Le bon La Fontaine est venu de Paris à pied, en composant sa belle élégie sur Fouquet, tombé le jour même dans la disgrace du monarque. Le poète déplore le sort de son bienfaiteur, il voudrait la servir ; mais que tenter, que faire ?

                                  Espérance trop vaine,
.    .    .    .    .    .    .    .    .    .    .    .    .    .
Moi qui n’ai ni crédit ni bien,
Moi qui suis.... quoi ?.... Jean la Fontaine....

Les convives se réunissent : Isabelle paraît sous son déguisement ; Chapelle parvient à la réconciliation ; Molière sort pour se rendre chez la mère de son amante : c'est alors que la conversation s'établit sur le chapitre des misères humaines ; on boit, et l'on se plaint ; on parle de philosophie, et l'on perd la raison au point de vouloir perdre la vie ; on décide de profiter à l’instant de la proximité de la Seine.... Laforêt a couru avertir Molière de cette burlesque délibération ; Molière représente qu'une si belle action ne doit pas être ensevelie dans les ténèbres, qu'elle mérite le grand jour.... Le sommeil, qui gagne les convives, seconde Molière ; il les envoie coucher, La Fontaine seul s'est complettement endormi à table.
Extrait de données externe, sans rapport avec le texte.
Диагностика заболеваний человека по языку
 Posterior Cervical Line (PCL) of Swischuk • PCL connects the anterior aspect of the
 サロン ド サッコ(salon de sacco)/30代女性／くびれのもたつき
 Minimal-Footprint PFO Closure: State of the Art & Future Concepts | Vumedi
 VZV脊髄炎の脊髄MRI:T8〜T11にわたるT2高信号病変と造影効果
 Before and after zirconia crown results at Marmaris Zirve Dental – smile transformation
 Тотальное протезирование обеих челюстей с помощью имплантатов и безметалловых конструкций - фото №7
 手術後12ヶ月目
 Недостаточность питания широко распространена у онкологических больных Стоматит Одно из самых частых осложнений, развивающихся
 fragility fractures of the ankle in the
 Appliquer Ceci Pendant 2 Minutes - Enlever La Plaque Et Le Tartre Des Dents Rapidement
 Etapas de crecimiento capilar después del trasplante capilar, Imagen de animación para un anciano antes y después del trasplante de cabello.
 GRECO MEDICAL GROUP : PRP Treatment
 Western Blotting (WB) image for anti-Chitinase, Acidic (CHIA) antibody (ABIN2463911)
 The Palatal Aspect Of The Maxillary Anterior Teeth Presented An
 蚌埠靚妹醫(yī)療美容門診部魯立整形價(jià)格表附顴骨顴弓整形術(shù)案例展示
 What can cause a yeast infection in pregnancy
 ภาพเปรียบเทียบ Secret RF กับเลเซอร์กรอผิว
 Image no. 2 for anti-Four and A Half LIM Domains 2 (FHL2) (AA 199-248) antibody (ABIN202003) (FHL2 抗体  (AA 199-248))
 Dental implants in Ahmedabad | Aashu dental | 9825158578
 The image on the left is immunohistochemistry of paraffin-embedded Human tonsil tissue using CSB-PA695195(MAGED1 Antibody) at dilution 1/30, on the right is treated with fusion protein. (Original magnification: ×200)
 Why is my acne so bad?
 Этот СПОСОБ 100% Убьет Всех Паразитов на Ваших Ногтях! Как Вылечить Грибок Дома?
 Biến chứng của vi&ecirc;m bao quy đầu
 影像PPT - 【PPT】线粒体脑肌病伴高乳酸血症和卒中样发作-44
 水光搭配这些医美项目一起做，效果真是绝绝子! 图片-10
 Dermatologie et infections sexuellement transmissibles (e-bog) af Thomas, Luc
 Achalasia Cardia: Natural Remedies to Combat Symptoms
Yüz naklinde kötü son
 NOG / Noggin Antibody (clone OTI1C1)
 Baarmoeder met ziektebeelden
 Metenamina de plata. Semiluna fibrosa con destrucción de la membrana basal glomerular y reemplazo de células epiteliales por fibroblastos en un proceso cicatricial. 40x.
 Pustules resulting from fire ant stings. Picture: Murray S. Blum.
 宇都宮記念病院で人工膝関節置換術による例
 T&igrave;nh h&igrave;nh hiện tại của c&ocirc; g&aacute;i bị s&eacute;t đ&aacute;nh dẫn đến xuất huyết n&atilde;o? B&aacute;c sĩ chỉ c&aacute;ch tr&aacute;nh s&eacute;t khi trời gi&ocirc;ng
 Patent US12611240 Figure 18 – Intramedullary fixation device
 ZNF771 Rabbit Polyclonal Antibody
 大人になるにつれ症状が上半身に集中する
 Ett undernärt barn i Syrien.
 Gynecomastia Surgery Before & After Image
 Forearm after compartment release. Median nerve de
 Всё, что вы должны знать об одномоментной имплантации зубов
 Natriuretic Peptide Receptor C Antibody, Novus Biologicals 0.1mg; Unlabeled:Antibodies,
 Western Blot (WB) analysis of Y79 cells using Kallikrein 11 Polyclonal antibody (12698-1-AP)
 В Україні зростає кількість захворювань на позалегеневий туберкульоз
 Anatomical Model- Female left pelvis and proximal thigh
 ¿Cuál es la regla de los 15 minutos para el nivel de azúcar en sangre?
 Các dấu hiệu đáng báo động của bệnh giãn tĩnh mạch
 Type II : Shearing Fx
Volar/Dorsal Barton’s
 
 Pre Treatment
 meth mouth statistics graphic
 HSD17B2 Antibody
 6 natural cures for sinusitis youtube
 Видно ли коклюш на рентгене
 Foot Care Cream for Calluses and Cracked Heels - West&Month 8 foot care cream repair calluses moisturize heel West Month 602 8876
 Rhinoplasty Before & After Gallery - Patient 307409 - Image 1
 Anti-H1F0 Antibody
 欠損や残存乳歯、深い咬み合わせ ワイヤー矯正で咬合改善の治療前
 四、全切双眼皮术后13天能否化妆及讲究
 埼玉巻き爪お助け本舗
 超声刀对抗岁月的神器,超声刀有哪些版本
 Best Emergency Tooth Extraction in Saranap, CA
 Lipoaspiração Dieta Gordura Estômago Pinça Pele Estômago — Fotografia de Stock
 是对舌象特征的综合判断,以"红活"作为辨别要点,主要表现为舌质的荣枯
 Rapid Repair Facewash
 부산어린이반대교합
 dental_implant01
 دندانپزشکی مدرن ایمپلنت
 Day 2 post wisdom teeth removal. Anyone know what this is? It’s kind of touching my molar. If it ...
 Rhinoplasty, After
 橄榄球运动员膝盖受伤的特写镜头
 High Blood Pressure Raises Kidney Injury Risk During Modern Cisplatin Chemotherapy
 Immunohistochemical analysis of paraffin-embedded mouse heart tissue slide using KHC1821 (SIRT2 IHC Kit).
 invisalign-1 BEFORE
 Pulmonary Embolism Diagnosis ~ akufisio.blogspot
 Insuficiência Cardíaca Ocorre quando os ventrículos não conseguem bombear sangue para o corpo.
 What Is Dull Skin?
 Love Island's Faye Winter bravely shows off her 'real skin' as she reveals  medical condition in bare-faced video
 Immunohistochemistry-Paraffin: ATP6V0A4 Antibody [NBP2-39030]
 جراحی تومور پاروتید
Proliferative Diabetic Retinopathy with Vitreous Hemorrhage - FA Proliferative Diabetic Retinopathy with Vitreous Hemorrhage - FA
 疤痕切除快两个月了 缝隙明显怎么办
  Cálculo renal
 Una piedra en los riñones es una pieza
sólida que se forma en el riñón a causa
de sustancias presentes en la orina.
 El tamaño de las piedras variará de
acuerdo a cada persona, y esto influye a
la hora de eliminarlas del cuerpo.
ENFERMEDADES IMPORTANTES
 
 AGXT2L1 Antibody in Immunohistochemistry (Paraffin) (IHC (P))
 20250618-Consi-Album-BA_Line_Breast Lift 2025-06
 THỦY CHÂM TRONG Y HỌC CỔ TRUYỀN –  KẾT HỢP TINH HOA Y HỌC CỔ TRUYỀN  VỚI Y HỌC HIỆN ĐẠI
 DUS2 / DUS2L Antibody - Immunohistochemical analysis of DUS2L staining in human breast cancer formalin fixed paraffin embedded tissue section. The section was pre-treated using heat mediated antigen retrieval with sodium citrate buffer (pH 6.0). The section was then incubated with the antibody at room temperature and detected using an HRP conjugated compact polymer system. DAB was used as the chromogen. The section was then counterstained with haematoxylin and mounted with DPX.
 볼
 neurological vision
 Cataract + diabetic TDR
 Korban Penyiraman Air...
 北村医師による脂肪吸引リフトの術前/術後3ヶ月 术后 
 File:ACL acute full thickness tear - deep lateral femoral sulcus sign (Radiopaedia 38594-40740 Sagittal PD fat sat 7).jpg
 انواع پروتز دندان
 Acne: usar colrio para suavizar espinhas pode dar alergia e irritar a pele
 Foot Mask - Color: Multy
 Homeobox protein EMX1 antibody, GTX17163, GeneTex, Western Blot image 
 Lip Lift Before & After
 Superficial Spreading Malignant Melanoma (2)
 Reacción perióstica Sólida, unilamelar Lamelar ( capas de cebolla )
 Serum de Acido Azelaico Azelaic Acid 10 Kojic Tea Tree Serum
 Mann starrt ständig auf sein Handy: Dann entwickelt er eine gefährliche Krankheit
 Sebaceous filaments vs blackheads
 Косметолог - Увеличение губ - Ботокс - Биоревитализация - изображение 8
Molière saisit ce moment de repos pour travailler à son poème du Val-de-Grace.... Tout-à-coup La Fontaine s'éveille et compose quelques vers.... Molière quitte à l'instant son poème et écrit les vers qu'il entend sortir de la bouche de son ami.

Je ne crois plus mes vers dignes de m'occuper,

dit-il,

Quand je puis recueillir ceux que fait La Fontaine.

Cependant les convives, réveillés par les chants et les bouffonneries de Lulli, dont le rôle répand beaucoup de gaieté sur l'ouvrage, rentrent sur la scène. Le fatal projet est rappellé ; mais la raison est revenue, et l'on consent encore à supporter la vie. Molière saisit cette occasion pour déclarer son mariage à ses amis.

Nous avons dit, que cette jolie pièce brillait sur-tout par les détails : elle en renferme de charmans. L'auteur a su conserver à ses personnages la physionomie que leurs ouvrages et leur conduite nous ont appris à leur prêter. Ce sont les hommes, plutôt que les auteurs, qu'il a voulu peindre. Il semble avoir désiré leur rendre un hommage nouveau, pour eux qui en ont tant reçu, en prouvant que ces grands hommes étaient aussi des hommes excellens, vertueux, bons amis et hommes aimables. Cette pièce est de nature à faire sentir aux hommes de lettres le charme d'une étroite et franche union, d'une douce intimité. On prétend que la leçon est de nos jours assez utile ; nous l'ignorons. Cependant, en fait d'auteurs distingués par des succès, et liés par une étroite et sincère amitié,

Il en est jusqu'à trois que je pourrais nommer....

Le public ne les sépare jamais, et quand il applaudit l'un, il pense aux deux autres.

D’après la base La Grange de la Comédie Française, la pièce de François-Guillaume Andrieux a été créée le 5 juillet 1804 (soit le 16 messidor an XII) et elle a été jouée dans ce théâtre 48 fois jusqu’en 1833.